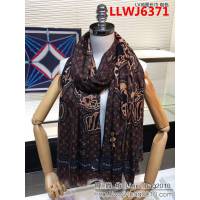 路易威登LV時尚豹紋 頂級羊絨地圖長巾 LLWJ6371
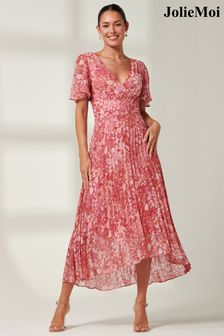 Jolie Moi Olenna Angel Sleeve Pleated Chiffon Maxi Dress (B20876) | 391 ر.ق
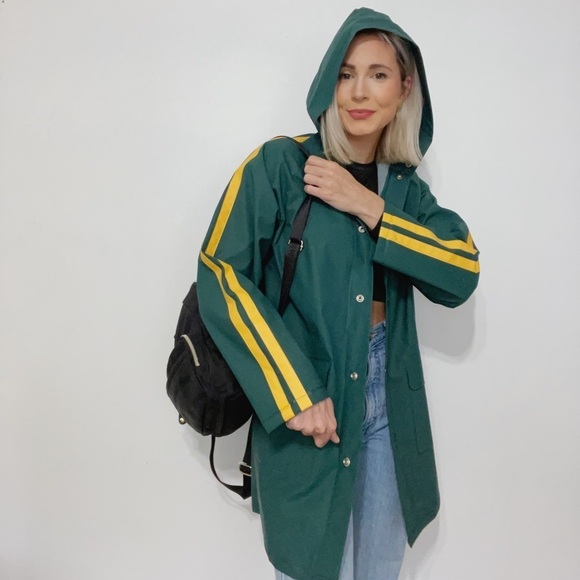 Striped Green Heavy Button Down Hooded Raincoat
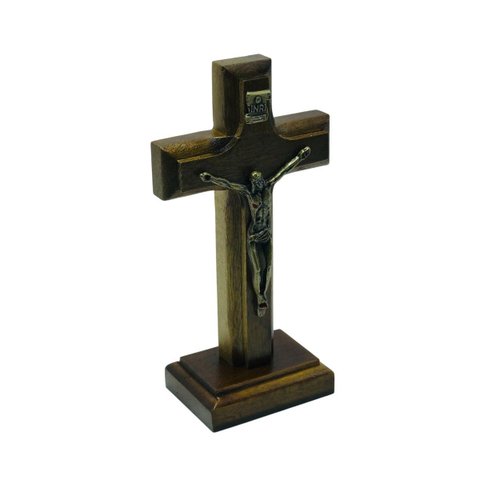 Crucifixo Cruz de Mesa e Parede Madeira 12 Cm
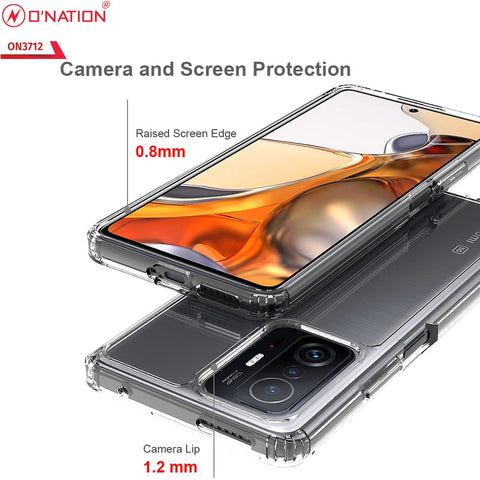 Xiaomi 11T Cover  - ONation Crystal Series - Premium Quality Clear Case No Yellowing Back With Smart Shockproof Cushions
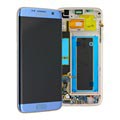 Coque Avant et Ecran LCD GH97-18533G pour Samsung Galaxy S7 Edge - Bleu
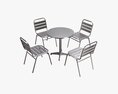 Outdoor Round Dining Table With Chairs Light 3D-Modell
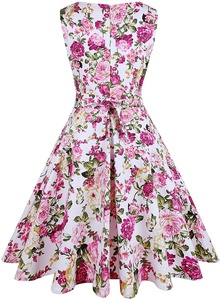 MANNI <span class=keywords><strong>Robe</strong></span> courte pour femme des années 1950 Rétro Vintage Cocktail Jolie <span class=keywords><strong>robe</strong></span> florale Robes de soirée à balançoire - Product Image 3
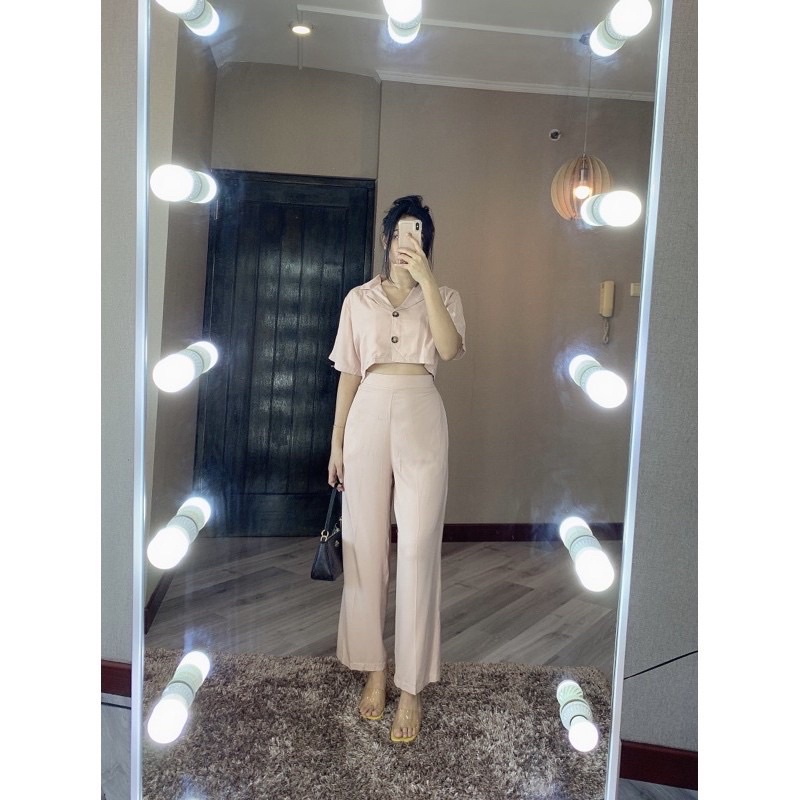 ZENAYA SET SETEL281 SETELAN BAJU CROP DAN CELANA PANJANG KULOT BUSUI SETEL281-Chocopink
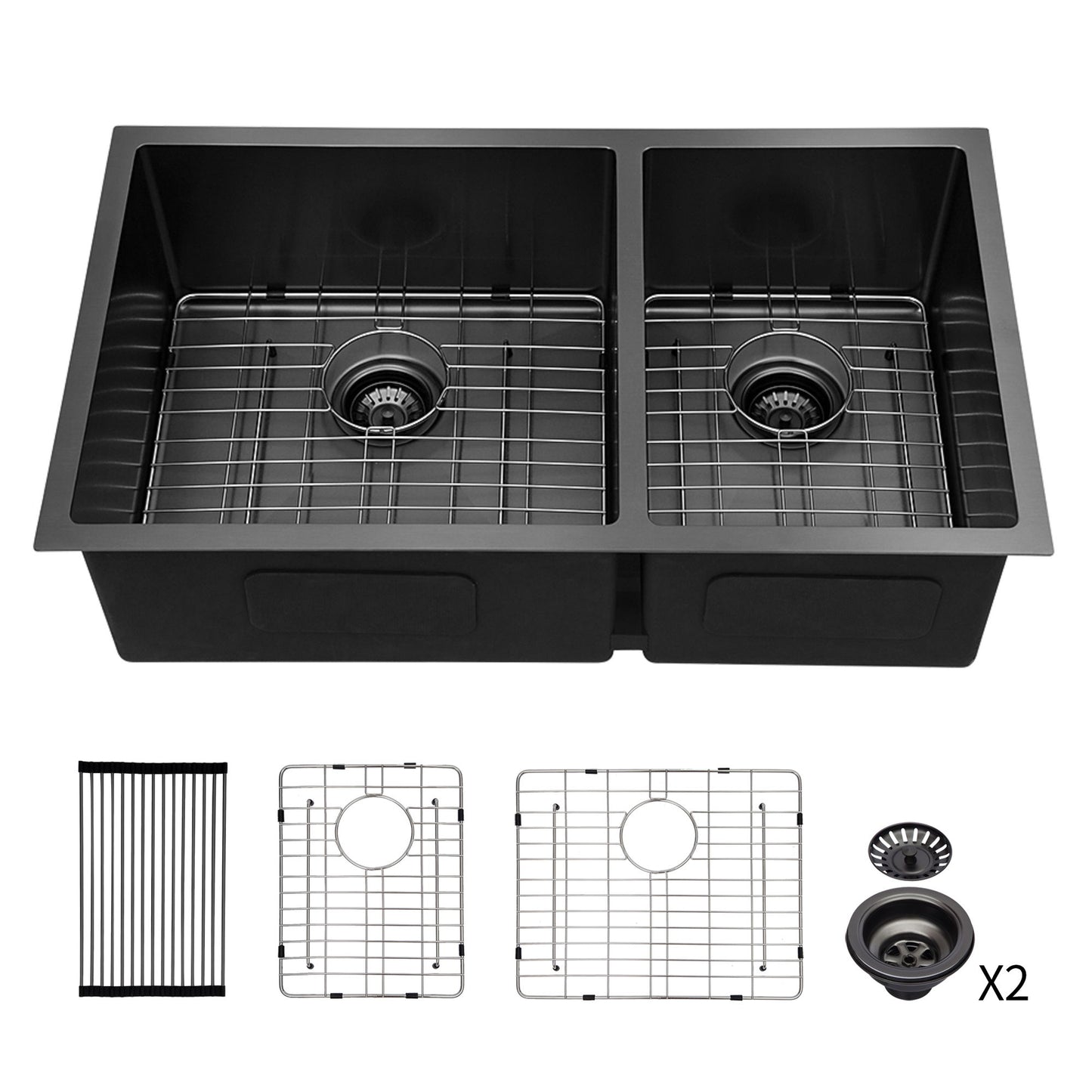 Modern Double Bowl Undermount Kitchen Sink 50 / 50 Design Stainless Steel Daily Nest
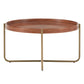 Gold Finish Metal and Wood Coffee Table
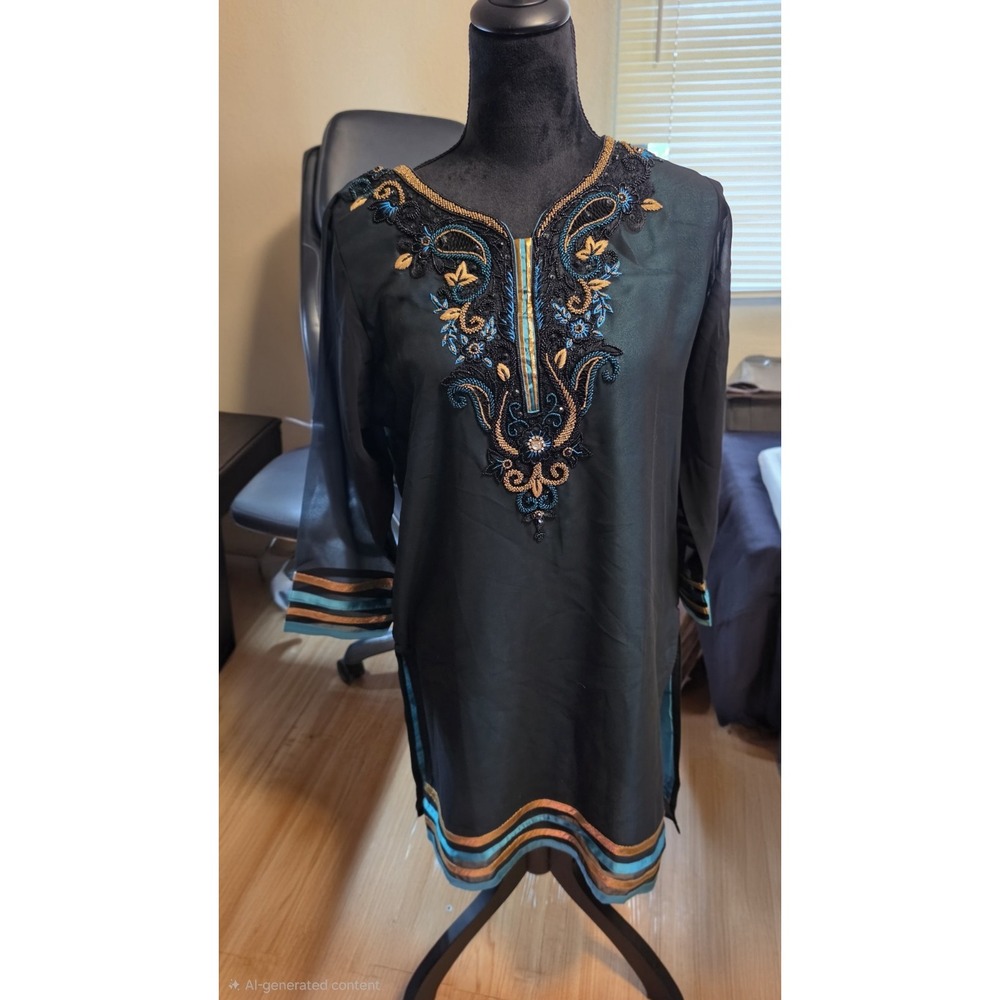 Black Green Gold Beaded Sequin Lined Tunic Blouse Embellished India Size 42/L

==============================

> **Work instruction**: Transcribe all of the material exactly and leave out its pictures.

> **Problem solution**:
 路易威登LV時尚豹紋 頂級羊絨地圖長巾 LLWJ6371
 Jolie Moi Olenna Angel Sleeve Pleated Chiffon Maxi Dress (B20876) | 391 ر.ق
 Striped Green Heavy Button Down Hooded Raincoat
 Crucifixo Cruz de Mesa e Parede Madeira 12 Cm
 Xiaomi 11T Cover  - ONation Crystal Series - Premium Quality Clear Case No Yellowing Back With Smart Shockproof Cushions
 Coque Avant et Ecran LCD GH97-18533G pour Samsung Galaxy S7 Edge - Bleu
 Outdoor Round Dining Table With Chairs Light 3D-Modell
 MANNI <span class=keywords><strong>Robe</strong></span> courte pour femme des années 1950 Rétro Vintage Cocktail Jolie <span class=keywords><strong>robe</strong></span> florale Robes de soirée à balançoire - Product Image 3
 ZENAYA SET SETEL281 SETELAN BAJU CROP DAN CELANA PANJANG KULOT BUSUI SETEL281-Chocopink
 Modern Double Bowl Undermount Kitchen Sink 50 / 50 Design Stainless Steel Daily Nest
 Gold Finish Metal and Wood Coffee Table
 Black Green Gold Beaded Sequin Lined Tunic Blouse Embellished India Size 42/L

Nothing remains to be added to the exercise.